• SOURCE DATA
· · · · ·
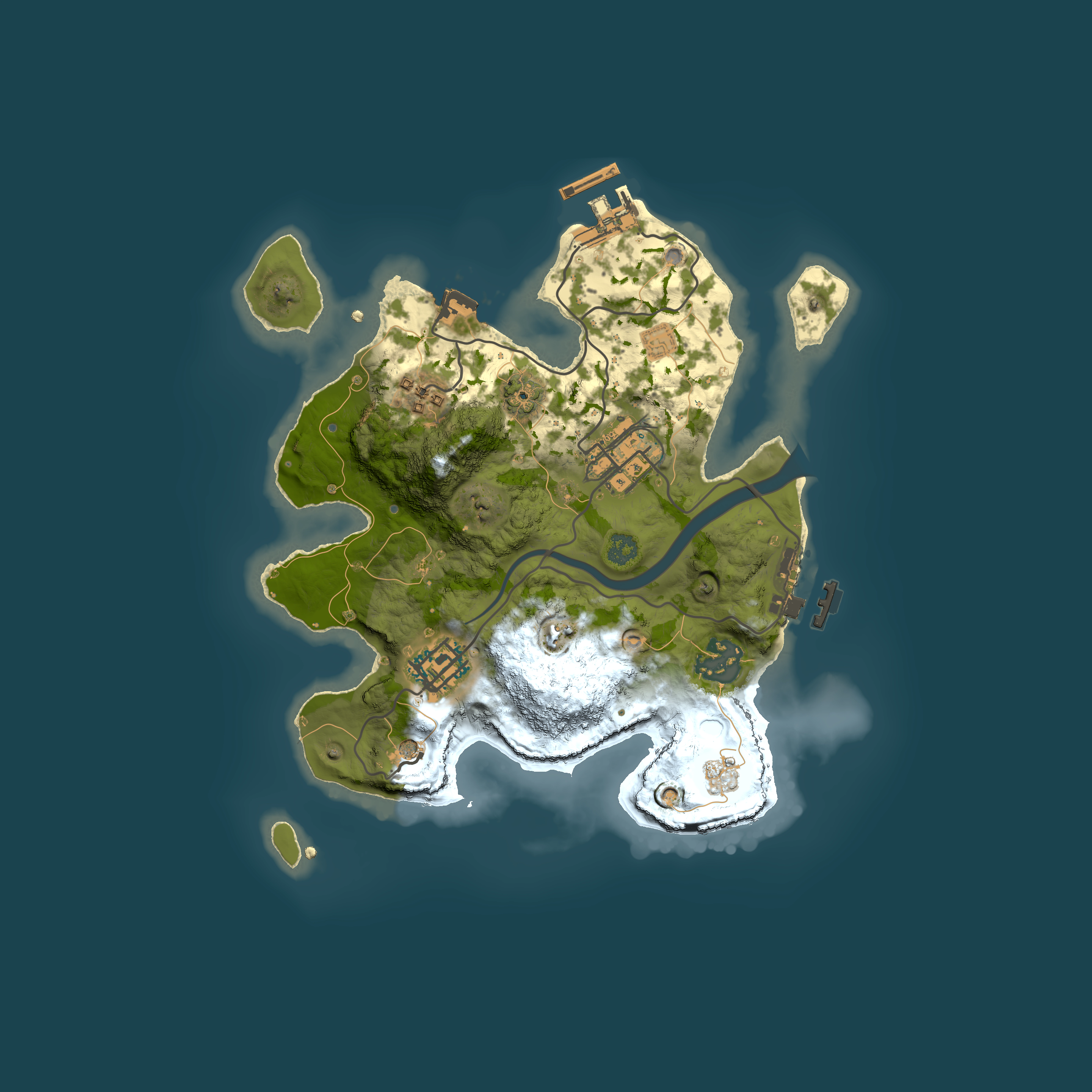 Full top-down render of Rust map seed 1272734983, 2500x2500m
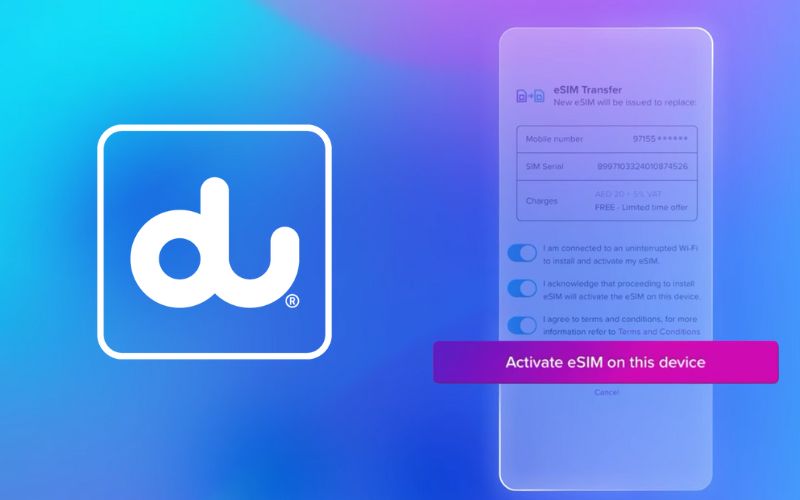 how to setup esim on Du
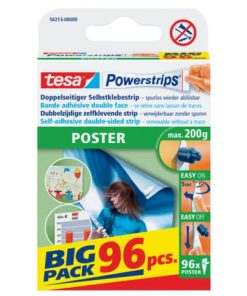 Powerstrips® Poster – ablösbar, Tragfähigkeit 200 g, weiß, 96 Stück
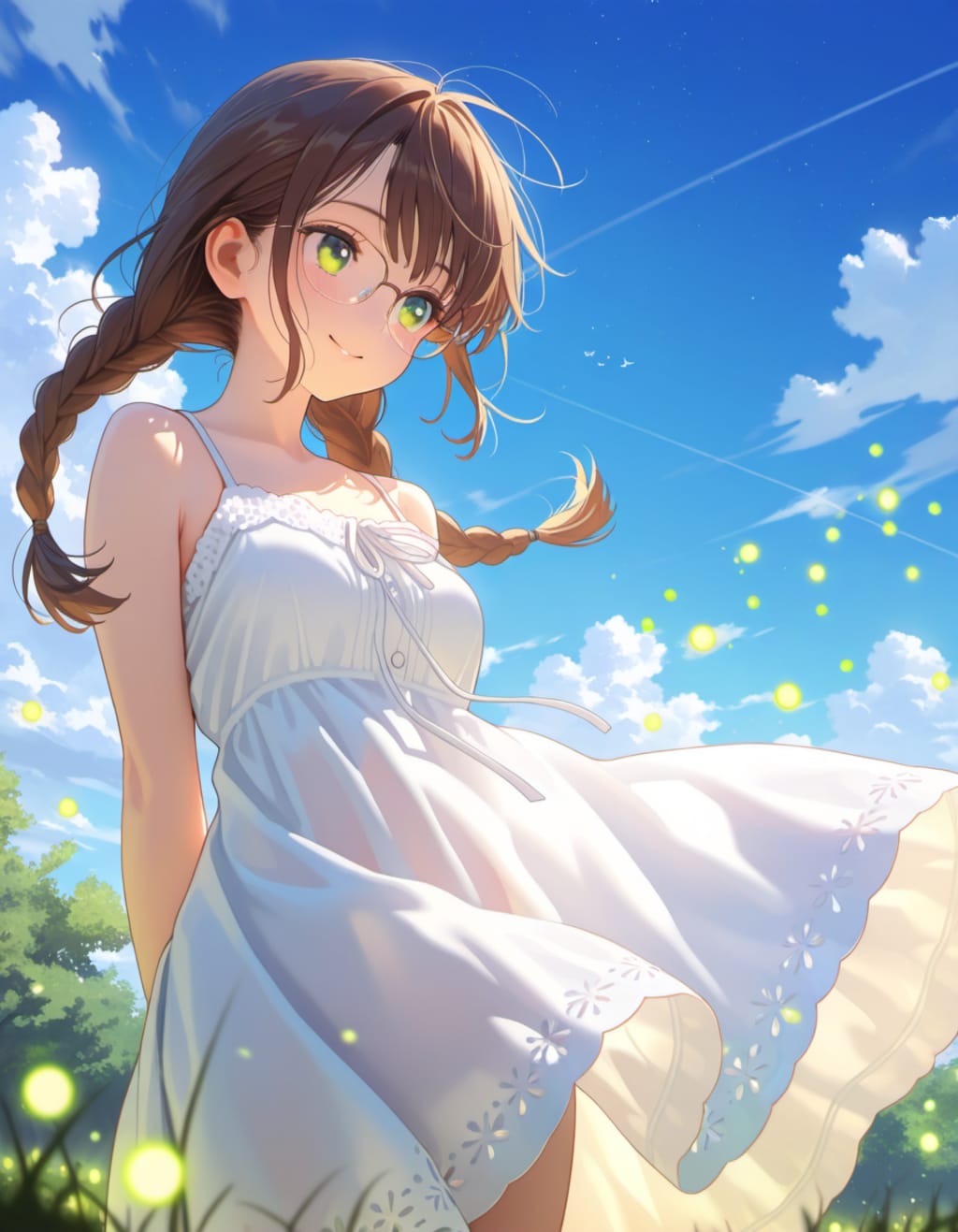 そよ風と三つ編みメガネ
· · · · ·
• ASSIGNMENT
Output the listing above exactly, pictures omitted.

• FINISHED EXERCISE
 Full top-down render of Rust map seed 1272734983, 2500x2500m
 how to setup esim on Du
 Powerstrips® Poster – ablösbar, Tragfähigkeit 200 g, weiß, 96 Stück
 そよ風と三つ編みメガネ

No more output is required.